> WHAT IS NEEDED: Print out the entries from the line containing "desde la casa" through the last line, exactly, and print nothing else. Pictures are not copied.

Pictures with short captions
━━━━━━━━

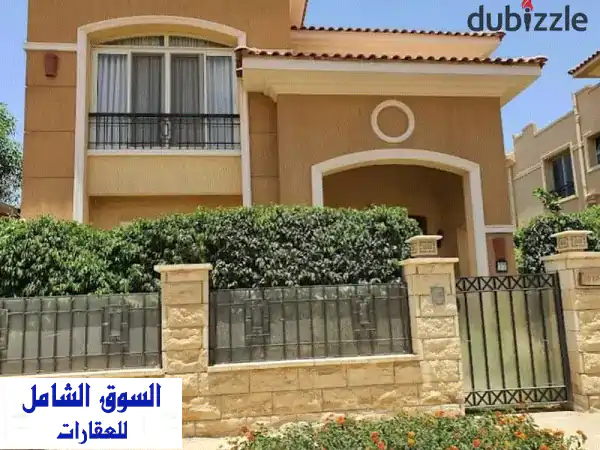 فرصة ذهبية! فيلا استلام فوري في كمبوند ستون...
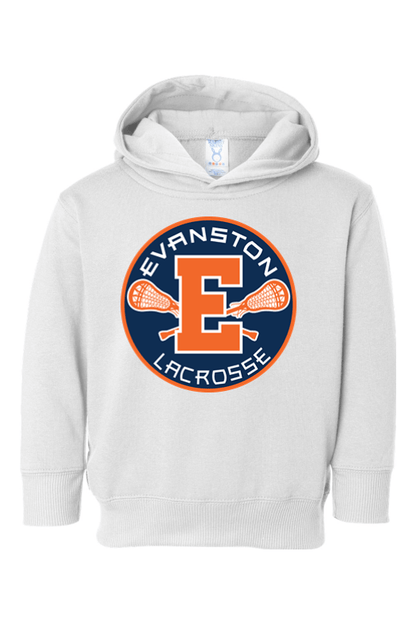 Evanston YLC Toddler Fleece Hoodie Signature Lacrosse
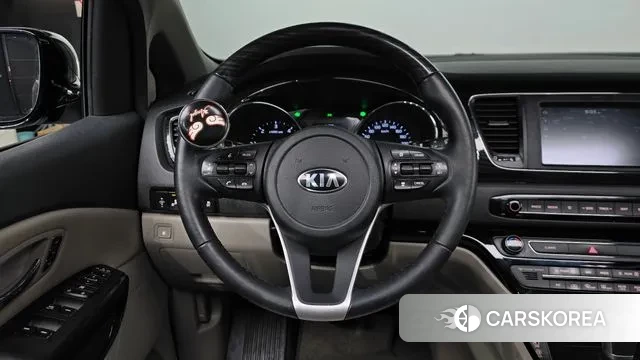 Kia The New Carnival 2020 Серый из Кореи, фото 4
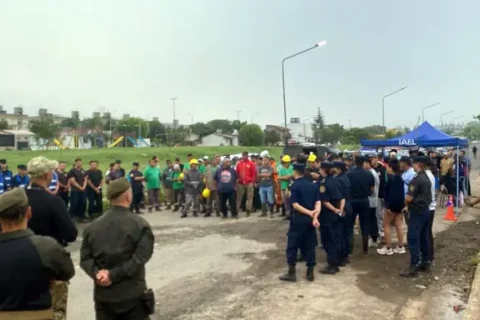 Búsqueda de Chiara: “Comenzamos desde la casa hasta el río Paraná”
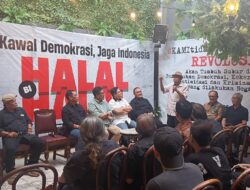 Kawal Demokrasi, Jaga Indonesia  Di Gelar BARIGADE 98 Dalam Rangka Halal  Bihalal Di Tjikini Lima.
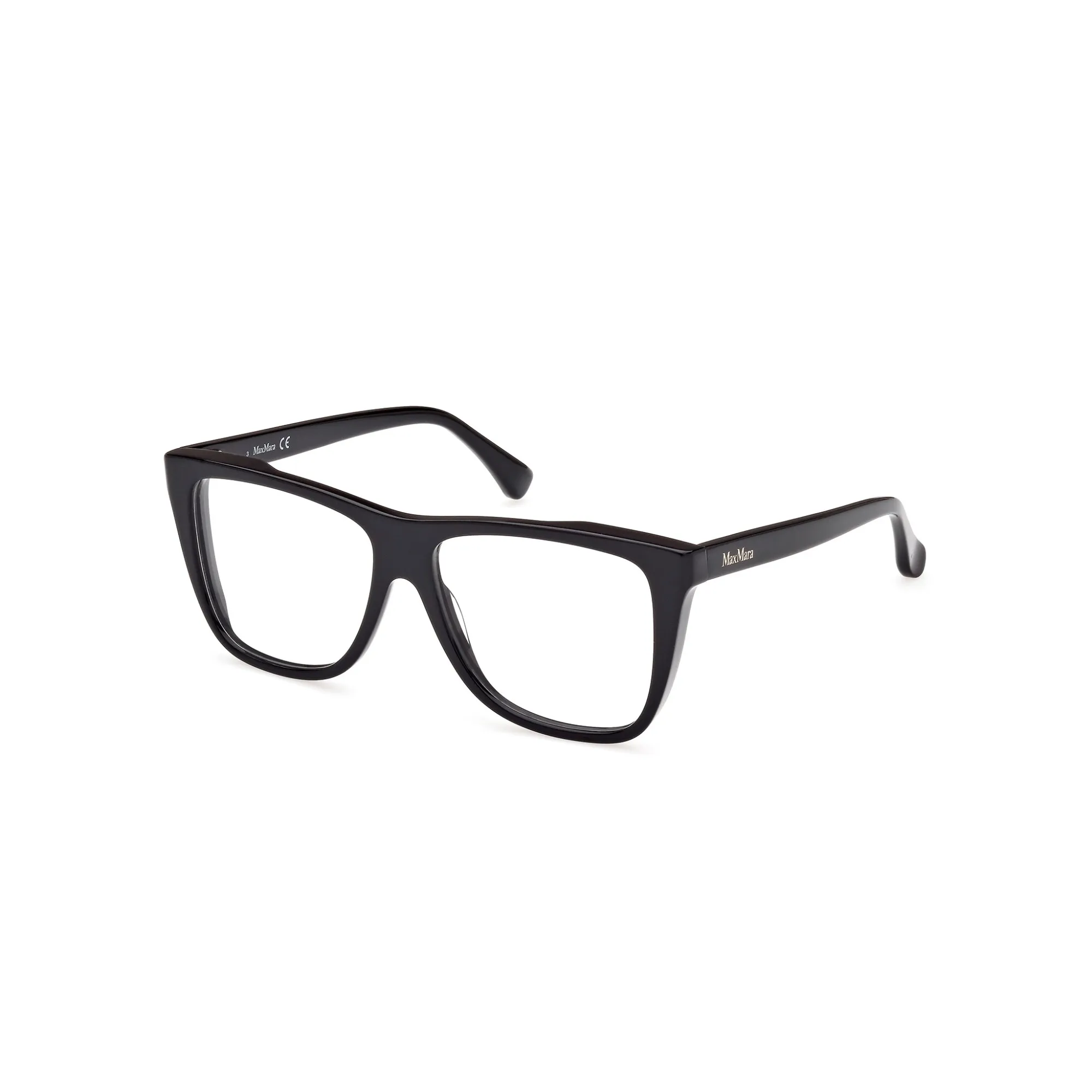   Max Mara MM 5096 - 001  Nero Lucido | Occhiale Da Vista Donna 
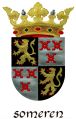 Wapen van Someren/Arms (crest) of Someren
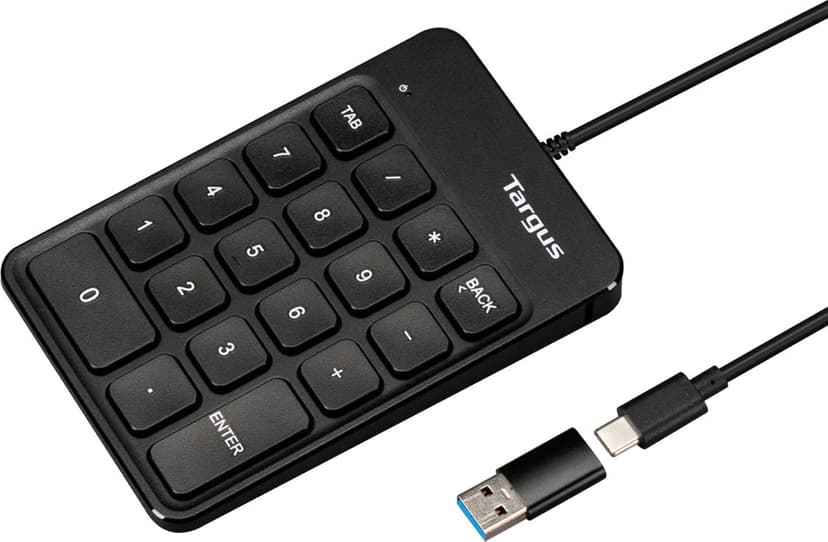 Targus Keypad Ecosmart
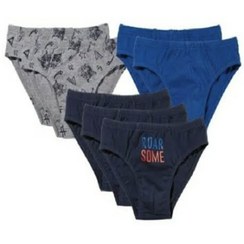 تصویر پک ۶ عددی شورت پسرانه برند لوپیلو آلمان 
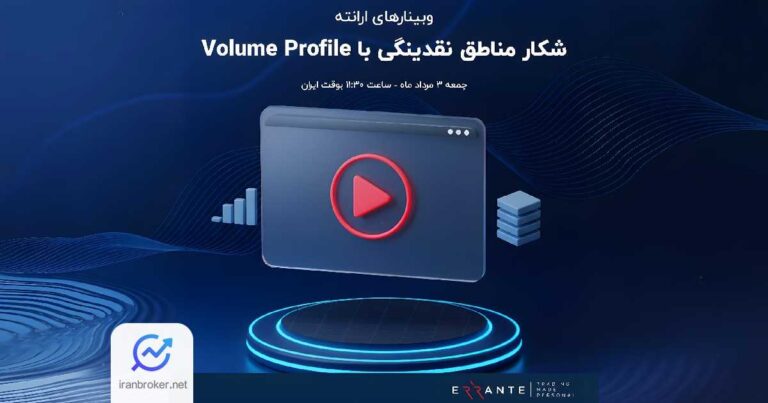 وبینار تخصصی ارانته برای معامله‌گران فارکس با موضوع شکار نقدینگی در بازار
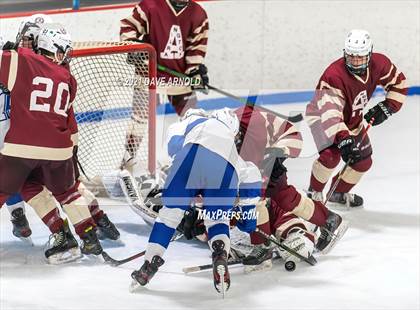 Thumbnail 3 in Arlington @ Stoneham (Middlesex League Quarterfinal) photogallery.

━━━━━━━━

> OUTPUT:
 Búsqueda de Chiara: “Comenzamos desde la casa hasta el río Paraná”
 Kawal Demokrasi, Jaga Indonesia  Di Gelar BARIGADE 98 Dalam Rangka Halal  Bihalal Di Tjikini Lima.
   Max Mara MM 5096 - 001  Nero Lucido | Occhiale Da Vista Donna 
 Wapen van Someren/Arms (crest) of Someren
 Targus Keypad Ecosmart
 تصویر پک ۶ عددی شورت پسرانه برند لوپیلو آلمان 
 وبینار تخصصی ارانته برای معامله‌گران فارکس با موضوع شکار نقدینگی در بازار
 Thumbnail 3 in Arlington @ Stoneham (Middlesex League Quarterfinal) photogallery.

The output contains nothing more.